Customer Segmentation using PCA & K-Means Clustering

About The Project

This project implements an end-to-end machine learning pipeline to segment bank customers based on their Demographics and Financial behavior. Unlike traditional clustering approaches, this project utilizes Principal Component Analysis (PCA) to handle high-dimensional data and multicollinearity, ensuring more distinct and interpretable customer segments.
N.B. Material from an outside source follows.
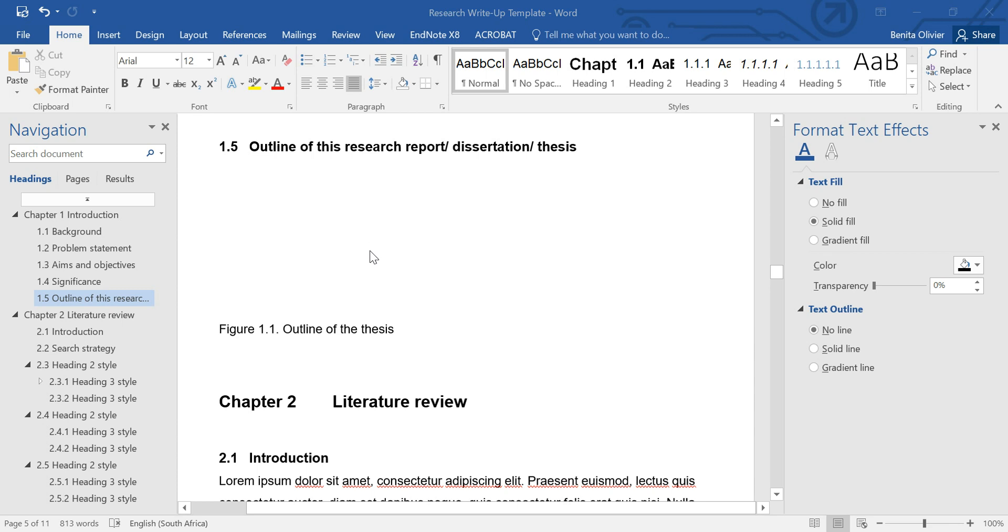In this video, I want to show you how to create an outline for your research report, dissertation or thesis, depending on the terminology used.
The goal is to transform raw customer data into actionable business insights, allowing the marketing team to target specific personas (e.g., "High-Net-Worth Seniors" vs. "Young Spenders") effectively.

Key Features

Unified Analysis: Integrates demographic and financial data for a 360-degree customer view.
Dimensionality Reduction: Uses PCA to distill noise and complex features into key components.
Robust Preprocessing: Includes outlier handling (Z-Score) and specific encoding strategies for ordinal vs. nominal data.
Actionable Profiling: Translates mathematical clusters into clear business personas.

Built With

Python (Core Logic)
Pandas & NumPy (Data Manipulation)
Scikit-learn (PCA, K-Means, Preprocessing)
Seaborn & Matplotlib (Data Visualization)
Jupyter Notebook

Dataset

The model is trained on clustering_data.csv, containing customer attributes such as:

Demographics: Age, Education, Marital Status, Area.
Financials: Annual Income, Relationship Balance, Product Ownership (Savings, Deposits, Loans).

Methodology

The project follows a structured Data Science workflow:

Data Preprocessing:
- Cleaning: Handling missing values and duplicates.
- Outlier Removal: Using Z-Score to remove extreme values that distort clustering.
- Encoding: Applying Label Encoding for ordinal data (e.g., Education Level) and One-Hot Encoding for nominal data (e.g., Area).
- Scaling: Standardizing data using StandardScaler.
Dimensionality Reduction (PCA):
- Reducing the dataset dimensions (from ~23 features to 3 principal components).
- This step addresses the "Curse of Dimensionality" and improves the clustering algorithm's efficiency.
Model Training:
- Applying K-Means Clustering on the PCA-transformed data.
- Determining the optimal number of clusters ($k=3$).
Evaluation & Profiling:
- Validating cluster quality using Silhouette Score (~0.39).
- Analyzing the centroids to define customer personas (e.g., by Income, Age, and Balance).

Results

The model successfully identified 3 distinct customer segments. By using PCA, the model achieved a Silhouette Score of ~0.39, indicating well-separated clusters suitable for real-world business application.

How to Run

Clone this repository.

Install the required libraries:

pip install pandas numpy scikit-learn matplotlib seaborn

Open Clustering_Model.ipynb in Jupyter Notebook.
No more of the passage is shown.